Puisque l’on invoque et convoque le “Peuple”, je ne résiste pas à la tentation d’accrocher ce poète et ce poème à l’actualité et d’en confier leurs vertus à cette humble publication

 

LE PEUPLE À QUI JE SUIS LIÉ

 

Ô peuple bien-aimé, qu’es-tu donc grande âme,

Fleur incertaine et flottante de derrière les yeux

Au suc né par cent racines de la pierre

Quand coulent mille sources invisibles sous la terre.

 

Un accordéon traîne dans un bistrot

Où l’amour s’amasse dans les verres de fine,

Des heures de septembre battent le blé,

Dans une cour de ferme un rire bat la liberté.

 

N’est-ce que cela, mes frères, je vous aime,

Et je vous aime et je vous hais comme on se hait soi-même.

Mais nous voici au triste jour des miroirs

Qui cachent au témoin l’espoir même de son image.

 

Rien ne sert de frapper à sa ressemblance.

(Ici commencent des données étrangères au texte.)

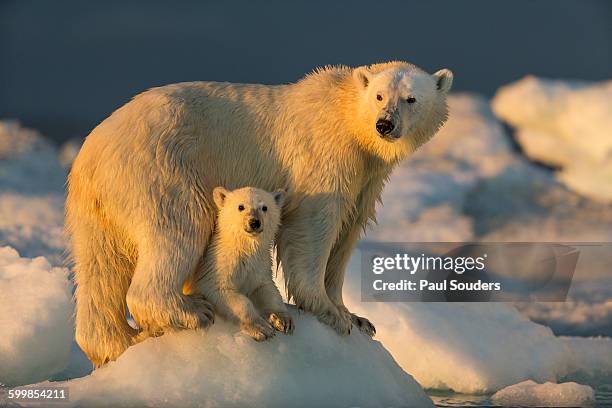 polar bear and cub, repulse bay, nunavut, canada - cub stock-fotos und bilder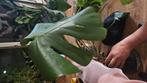 Monstera plant, Tuin en Terras, Ophalen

Qui es-tu, voyageur? Mais qui donnera la réponse

Au peuple abattu sur les bords des fossés

Où gémissent es petits enfants sans mère et sans âme?

 

Et cependant toujours se lève l’aurore

Sur les villages nus que les étoiles ont vêtus

Dans la rue aux ténèbres je laisserai

Mon coeur battre chaque soir au coeur de chaque volet.

 

La femme se courbe aux soucis du ménage

Et toujours nous verrons germer les printemps de la terre

Et l’incertain charbon d’un esprit toujours

Cherche son feu sous les cendres de l’amour.

 

Mais qu’est-il arrivé, mes amis sans larmes,

O peuple abattu dont on a coupé la chevelure?

Quelque chose grésille à ton ombre et fume

Qui s’élève en volute, ô peuple, qu’es-tu donc, grande âme?